This week, Anne Frank would have celebrated her 90th birthday. To commemorate the event, a new painting showing what Anne might have looked like if she was still alive was commissioned and sold at auction in London, with proceeds going to the Anne Frank Trust.
“Reflection” by Scottish artist Fiona Graham-Mackay utilises computer ageing technology to depict the diarist in her bedroom looking towards a mirror reflection of her much older self. In the painting, Frank is framed by cut-out magazine pictures that she stuck above her bed, including a young Princess Elizabeth who represented hope.
Anne’s diary, which she composed as a school girl in the Nazi-occupied Netherlands, is regarded as one of the most significant documents to arise from the Holocaust.
After Hitler’s Germany took the Netherlands on 15 May 1940, prejudicial laws and sanctions were introduced against the Jewish community. For the following two years Anne’s family and several others hid in a trusted friend’s annex, until they were eventually arrested and sent to a concentration camp.
Posthumously published as Diary of a Young Girl, her writing chronicles the hopes and dreams of an ambitious teenager whilst accurately recording their time in hiding.
To commemorate these hopes the Anne Frank Trust UK sold the new painting at their Gala Auction on Wednesday, with the online-bidding reaching $5,100 before the event. Tim Robertson, chief executive of the Trust, said “our only brief was for something that relates who Anne was to how she might be today.”
Scottish artist Graham-Mackay took inspiration from her poignant visit to the Anne Frank House in Amsterdam, becoming captivated by the everyday objects Anne and her family had used.

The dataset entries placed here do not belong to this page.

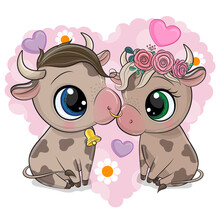 Cartoon Cow And Bull On A Heart Background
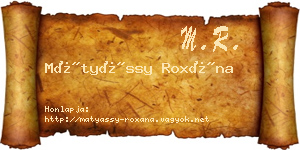 Mátyássy Roxána névjegykártya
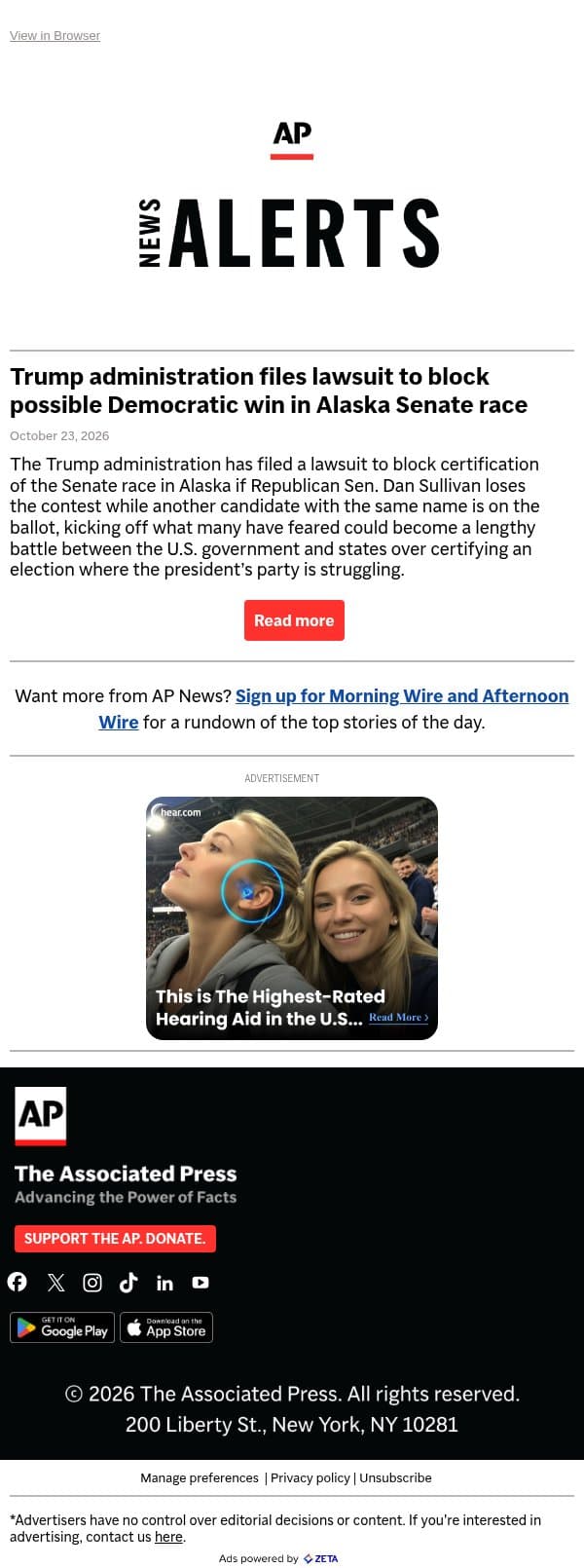 Trump administration files lawsuit to block possible Democratic win in Alaska Senate race email from Associated Press screenshot
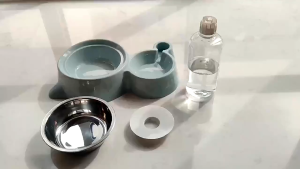 2 in 1 Pet Cat Dog Bowl Pet Food Bowl Drinking Bottle Set Food Bowls Water Bowl for Puppy Kitty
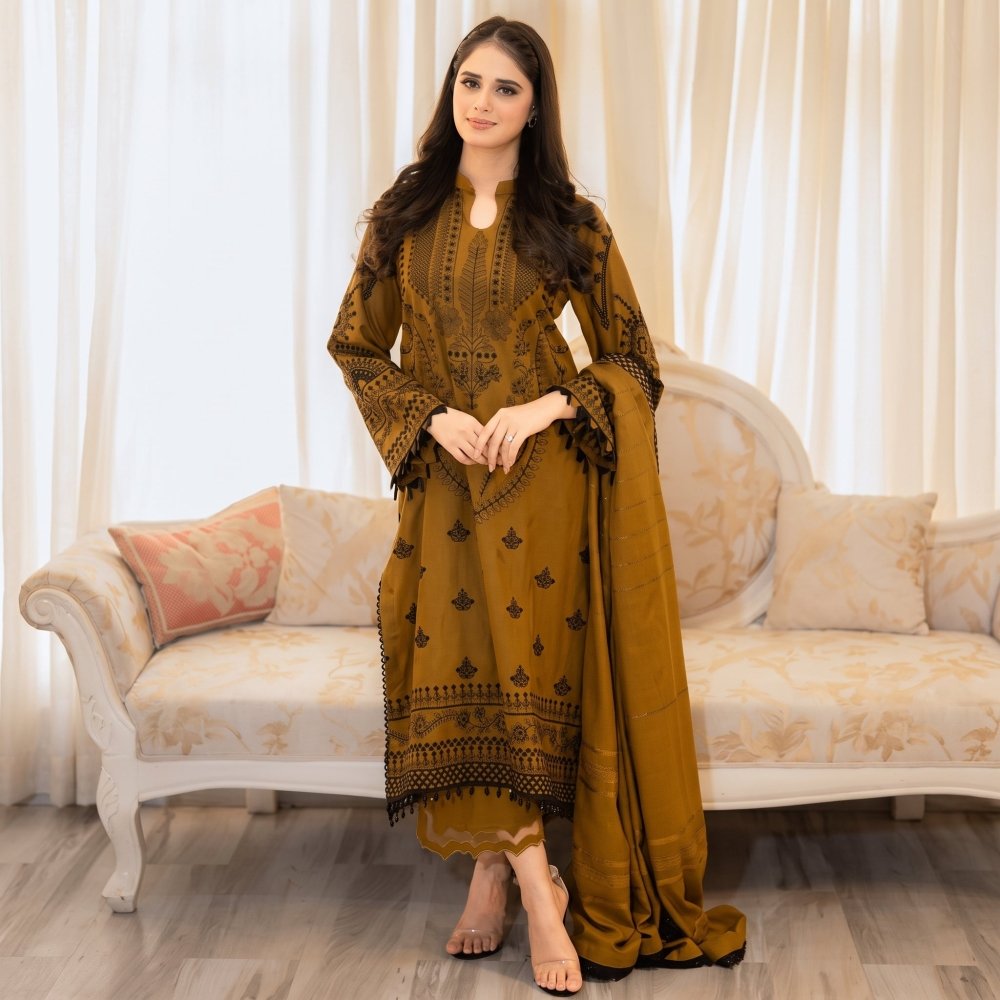 3PC STITCH EMBROIDERED DHANAK SUIT RO - 816 - Rangoli Store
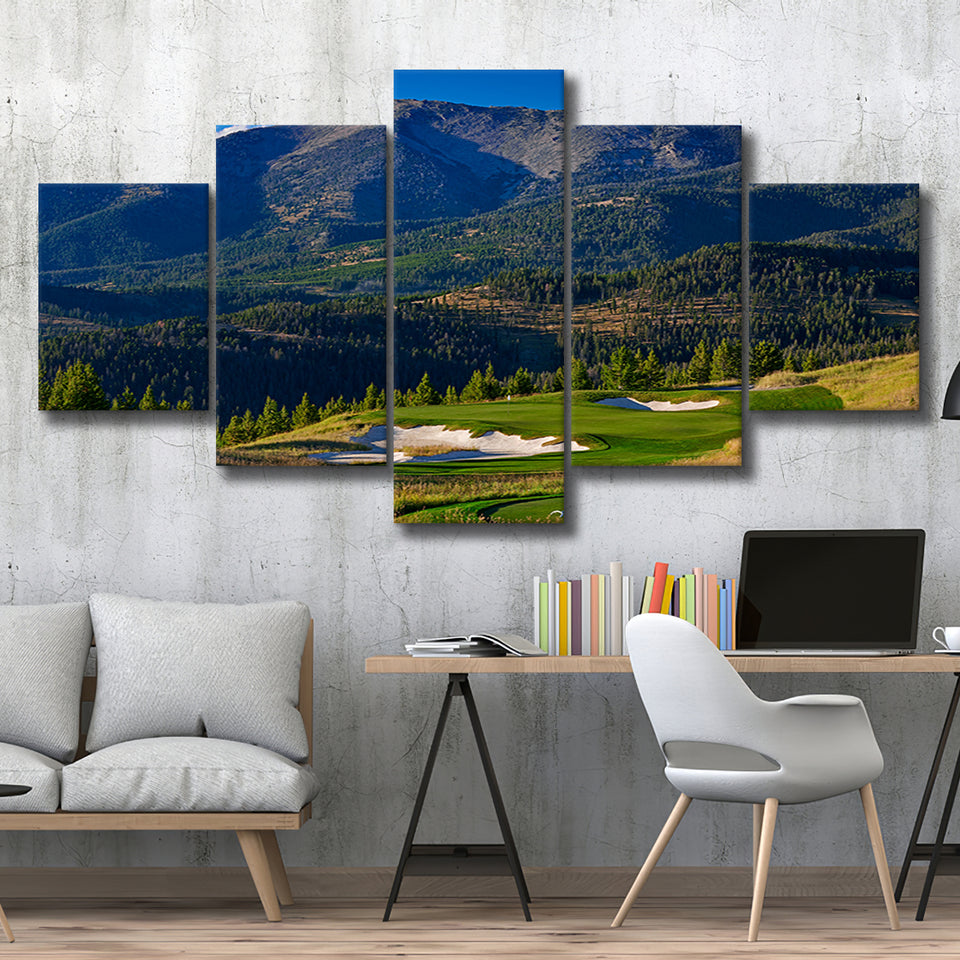 Moonlight Basin Golf Club, The Reserve Course Hole 11, Big Sky, Montana, Golf Art Print, 5 Panels Canvas Prints Wall Art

As a young girl growing up during the civil-war in Nigeria, Anne Frank’s diary was one of only four books Graham-Mackay had owned. “I was trapped in my jungle literally with a few adults and what Anne wrote in an odd way drew me closer to her as a friend. When I returned to Scotland from Nigeria, she came with me and has stayed ever since.”
Frank’s step-sister, Dr Eva Schloss, who along with her mother managed to escape the Holocaust, said the painting was “a very lovely idea.”
Speaking to BBC Scotland’s The Nine about a new exhibition on Frank’s life, Dr Schloss remarked that “Anne has become immortal”. Similar to Graham-Mackay’s painting, the exhibition at St Mungo Museum of Religious Life and Art in Glasgow also displays a life-size replica of Anne’s bedroom in the secret annex.
Money raised from the sale of the painting will fund the Anne Frank Trust’s school programme to teach children about the dangers of prejudice. Reflecting in an interview on the message of her painting, Graham-Mackay recently emphasised the importance of acceptance, “because a little kindness goes a long way and I think our society really has forgotten that.”